Exercise instructions
Since the listing below shows pictures, leave them out and write out exactly the lines from the line with "At 30 N, the" to the line with "For example, to", both included, and no others.

Dataset excerpts
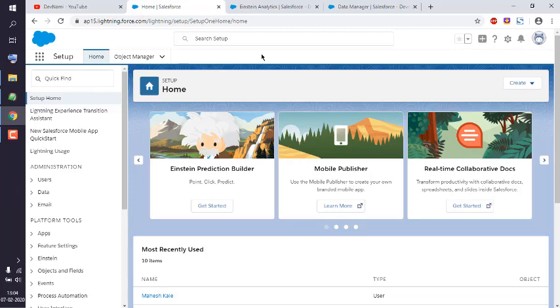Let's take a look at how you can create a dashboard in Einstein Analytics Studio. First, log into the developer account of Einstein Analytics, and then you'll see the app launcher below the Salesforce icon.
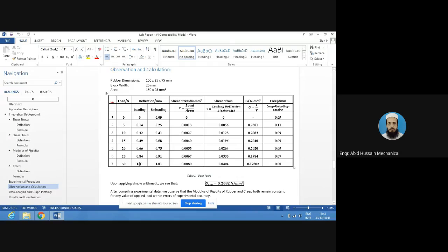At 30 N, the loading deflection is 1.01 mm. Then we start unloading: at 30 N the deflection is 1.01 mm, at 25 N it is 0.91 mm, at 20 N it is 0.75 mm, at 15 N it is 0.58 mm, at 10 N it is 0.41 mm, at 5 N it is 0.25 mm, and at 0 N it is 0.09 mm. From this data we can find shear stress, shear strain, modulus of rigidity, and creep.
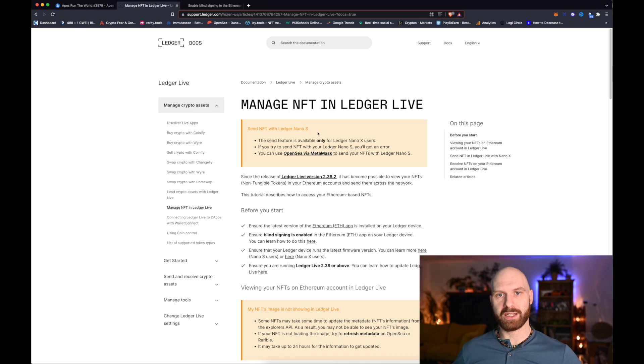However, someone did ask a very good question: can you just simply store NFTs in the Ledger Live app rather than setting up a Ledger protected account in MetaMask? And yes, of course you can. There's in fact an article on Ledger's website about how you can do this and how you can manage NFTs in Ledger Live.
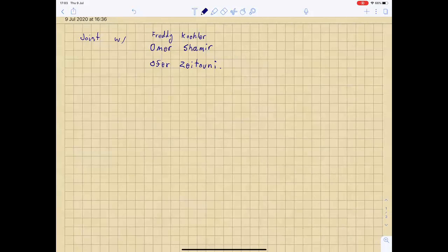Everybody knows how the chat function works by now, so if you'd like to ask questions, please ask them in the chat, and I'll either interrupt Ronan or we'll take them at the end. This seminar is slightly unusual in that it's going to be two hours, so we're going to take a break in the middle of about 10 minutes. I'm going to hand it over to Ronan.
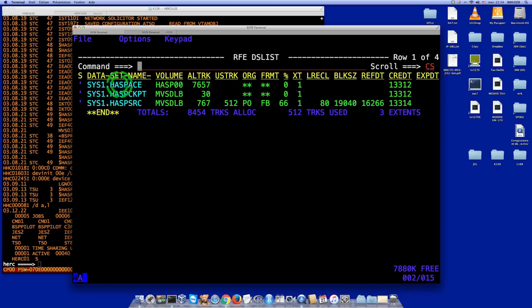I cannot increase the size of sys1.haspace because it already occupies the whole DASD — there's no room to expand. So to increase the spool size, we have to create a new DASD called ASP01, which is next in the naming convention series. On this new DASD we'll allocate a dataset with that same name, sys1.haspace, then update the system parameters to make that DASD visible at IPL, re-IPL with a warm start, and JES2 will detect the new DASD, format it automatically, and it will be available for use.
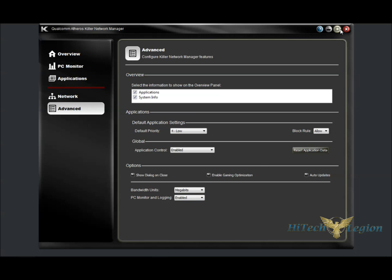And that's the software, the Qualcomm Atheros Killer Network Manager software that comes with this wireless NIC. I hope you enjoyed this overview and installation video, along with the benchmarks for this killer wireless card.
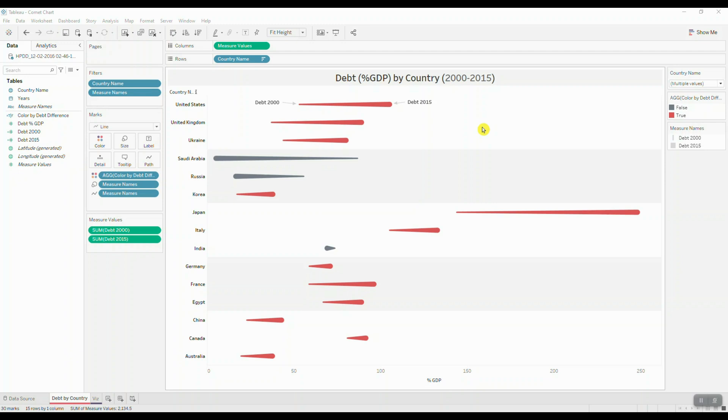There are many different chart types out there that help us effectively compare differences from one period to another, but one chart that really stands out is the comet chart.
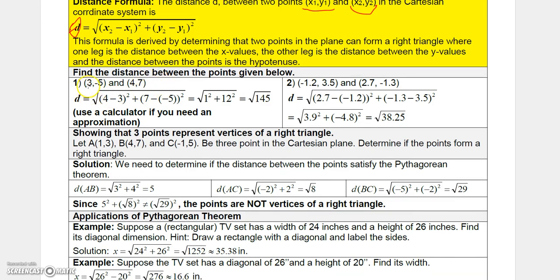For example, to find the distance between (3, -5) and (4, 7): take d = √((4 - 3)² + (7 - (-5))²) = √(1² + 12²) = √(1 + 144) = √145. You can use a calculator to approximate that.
--
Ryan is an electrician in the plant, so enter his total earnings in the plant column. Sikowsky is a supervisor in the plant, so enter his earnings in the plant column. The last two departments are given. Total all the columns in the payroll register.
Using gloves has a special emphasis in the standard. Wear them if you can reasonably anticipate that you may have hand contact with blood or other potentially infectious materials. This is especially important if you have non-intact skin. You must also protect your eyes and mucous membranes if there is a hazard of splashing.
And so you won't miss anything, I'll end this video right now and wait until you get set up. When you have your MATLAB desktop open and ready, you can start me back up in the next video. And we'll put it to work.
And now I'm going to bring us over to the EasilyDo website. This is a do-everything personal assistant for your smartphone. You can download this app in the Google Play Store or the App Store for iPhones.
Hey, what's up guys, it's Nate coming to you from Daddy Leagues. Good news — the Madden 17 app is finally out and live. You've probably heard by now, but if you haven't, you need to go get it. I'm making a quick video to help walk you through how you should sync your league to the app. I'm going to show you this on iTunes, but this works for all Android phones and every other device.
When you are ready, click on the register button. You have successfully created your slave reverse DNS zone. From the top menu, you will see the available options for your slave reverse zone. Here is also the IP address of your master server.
* * *
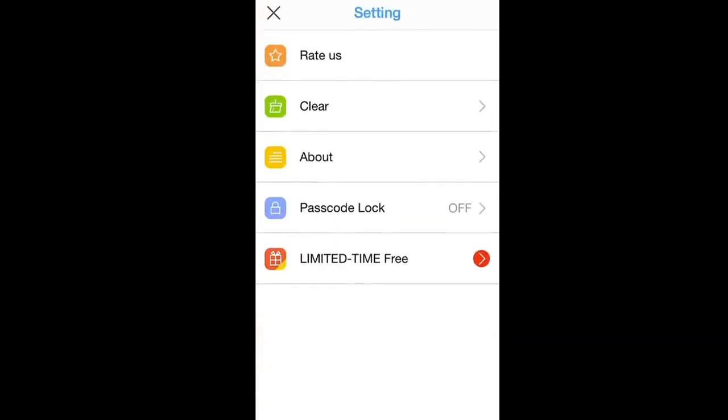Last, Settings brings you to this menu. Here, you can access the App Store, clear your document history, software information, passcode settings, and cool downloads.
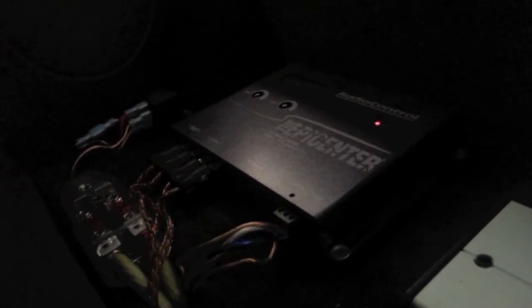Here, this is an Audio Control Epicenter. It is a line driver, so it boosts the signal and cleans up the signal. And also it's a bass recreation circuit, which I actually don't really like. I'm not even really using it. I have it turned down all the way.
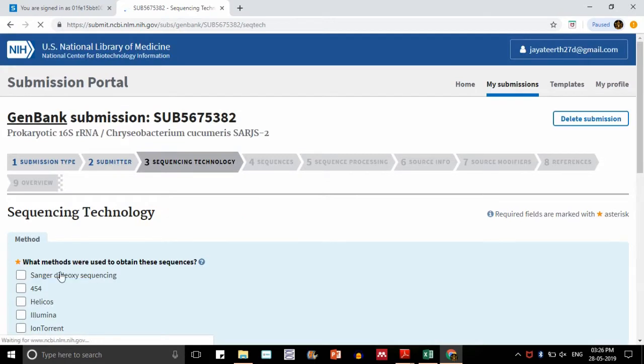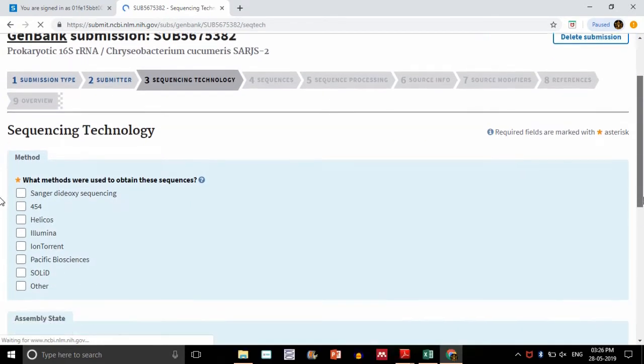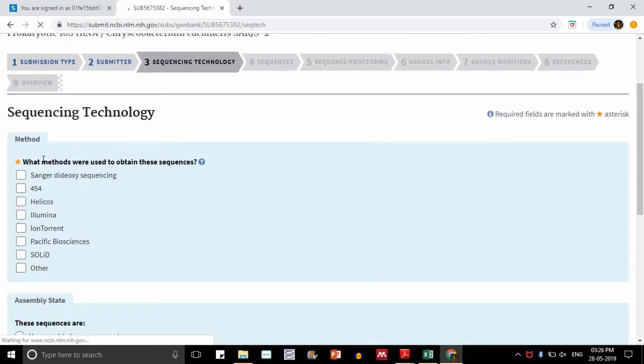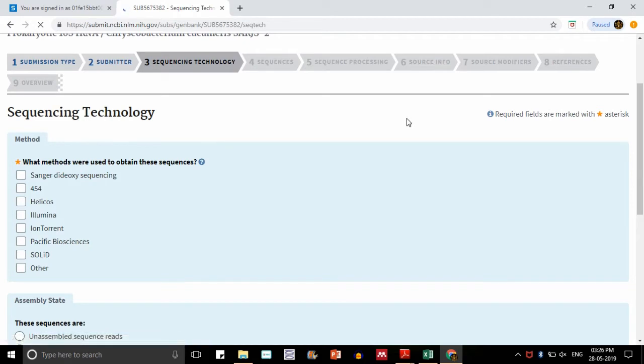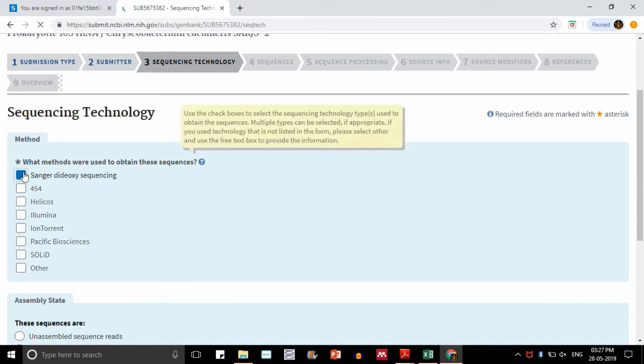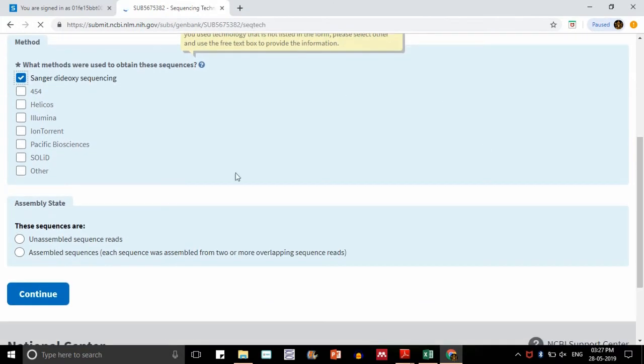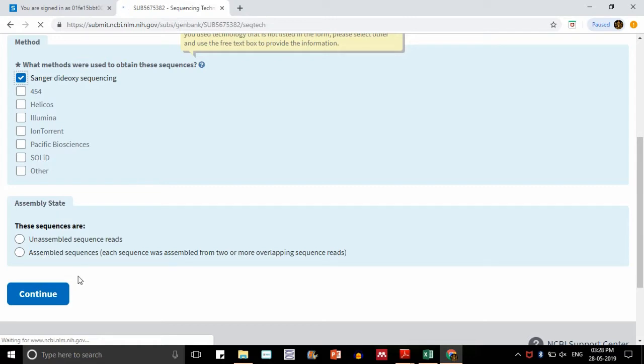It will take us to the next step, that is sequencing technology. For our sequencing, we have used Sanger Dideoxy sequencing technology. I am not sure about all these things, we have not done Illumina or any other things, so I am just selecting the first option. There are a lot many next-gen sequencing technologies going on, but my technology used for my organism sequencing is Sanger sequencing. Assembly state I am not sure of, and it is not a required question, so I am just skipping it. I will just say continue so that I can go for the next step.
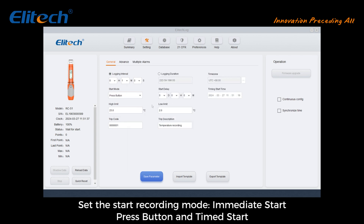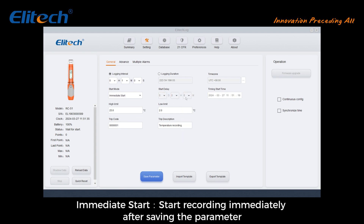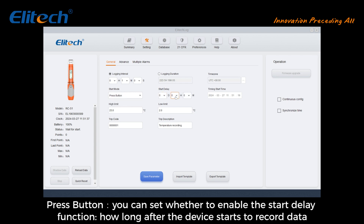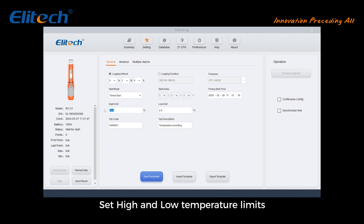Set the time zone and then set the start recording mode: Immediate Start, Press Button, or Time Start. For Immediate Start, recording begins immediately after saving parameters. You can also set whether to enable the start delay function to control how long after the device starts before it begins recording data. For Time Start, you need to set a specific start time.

Your response
At 30 N, the loading deflection is 1.01 mm. Then we start unloading: at 30 N the deflection is 1.01 mm, at 25 N it is 0.91 mm, at 20 N it is 0.75 mm, at 15 N it is 0.58 mm, at 10 N it is 0.41 mm, at 5 N it is 0.25 mm, and at 0 N it is 0.09 mm. From this data we can find shear stress, shear strain, modulus of rigidity, and creep.
However, someone did ask a very good question: can you just simply store NFTs in the Ledger Live app rather than setting up a Ledger protected account in MetaMask? And yes, of course you can. There's in fact an article on Ledger's website about how you can do this and how you can manage NFTs in Ledger Live.
Everybody knows how the chat function works by now, so if you'd like to ask questions, please ask them in the chat, and I'll either interrupt Ronan or we'll take them at the end. This seminar is slightly unusual in that it's going to be two hours, so we're going to take a break in the middle of about 10 minutes. I'm going to hand it over to Ronan.
I cannot increase the size of sys1.haspace because it already occupies the whole DASD — there's no room to expand. So to increase the spool size, we have to create a new DASD called ASP01, which is next in the naming convention series. On this new DASD we'll allocate a dataset with that same name, sys1.haspace, then update the system parameters to make that DASD visible at IPL, re-IPL with a warm start, and JES2 will detect the new DASD, format it automatically, and it will be available for use.
And that's the software, the Qualcomm Atheros Killer Network Manager software that comes with this wireless NIC. I hope you enjoyed this overview and installation video, along with the benchmarks for this killer wireless card.
There are many different chart types out there that help us effectively compare differences from one period to another, but one chart that really stands out is the comet chart.
For example, to find the distance between (3, -5) and (4, 7): take d = √((4 - 3)² + (7 - (-5))²) = √(1² + 12²) = √(1 + 144) = √145. You can use a calculator to approximate that.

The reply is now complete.